Somewhat unexpected but the right thing to do, Whelan apologizes for exposing the identity of Publius.
Publius moves on.
The debate, however, doesn't. While most in the blogosphere, including many of Whelan's colleagues, understand why a person might have personal or career-related reasons for blogging under a pseudonym, there are still a few who don't:
My view is that "publius." having elected to debate Ed, has no complaint. For in a debate between a blogger who identifies himself and one who doesn't, the anonymous blogger has an unfair advantage — he is not constrained by the full range of consequences normally associated with being exposed as dishonest, sloppy, or unintelligent.
This is a bullshit argument. First of all, Publius wasn't "anonymous"; he was pseudonymous — and that's an important difference. As Publius, he has a web presence. This means that his arguments could be exposed as dishonest, sloppy or unintelligent (if they indeed were), since his arguments are for all to see.
But some conservatives can't seem to separate the argument from the person. For them, they rail against pseudonymous bloggers because their existence removes one of their favorite debating tools: the ad hominem attack. The main benefit of pseudonymity is that it forces the reader (or dissenting party) to engage with the IDEA being presented, rather than the personalities involved.
Ironically, the original pseudonym "Publius" was used by Madison, Jay, and Hamilton when writing The Federalist Papers. They used that name precisely because they wanted to sway people on the strength of their arguments, and not get bogged down in personality cults. But some in the conservative blogosphere simply cannot poke holes in arguments as arguments; when backed against the wall, they need to attack the arguer, and pseudonymity stands in their way. Until he came to his senses and apologized, Ed Whelan was such a man.
John Hindrocket adds:
In my opinion, the idea that a goofball like Blevins [Publius] has some sort of "right" to smear Whelan anonymously, without taking responsibility for his assaults, is ridiculous. Be a man, for God's sake. Or, for that matter, a woman…

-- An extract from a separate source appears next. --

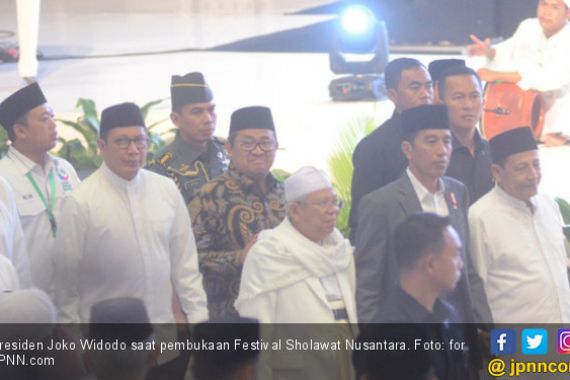 Buka Festival Selawat, Jokowi Titip Pesan Menggetarkan Hati - JPNN.COM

Anyone who has followed this dust-up knows that Publius' attacks were comparatively mild, as Internet-speak goes. (Frankly, "goofball" is harsher than anything Publius wrote about Whelan).
And really, isn't "being a man" (or for that matter, a woman) being able to take tiny "epithets" in the course of debating discourse?
Moreover, it doesn't really reflect the facts of this matter. What happened was that Whelan wrote an admittedly sloppy post, was smacked down (gently) by Eugene Volokh, and Publius merely commented on it, echoing another blogger’s comment that Whelan was a judicial "hitman". Somehow this means that Publius, by noting other blogger's comments, engaged in an "assault". [Read the full background here]
There is, to my mind, only one reason where the "outting" of a pseudonymous blogger would be relevant, and that is where he takes a position that is contradictory or hypocritical. For example, if a pseudonymous blogger takes a position against, say, gay marriage, and it turns out that the pseudonymous blogger is himself gay married, then revelation of that aspect of the blogger's identity may have some bearing on the debate. But such outtings are lilkely to be few and far between.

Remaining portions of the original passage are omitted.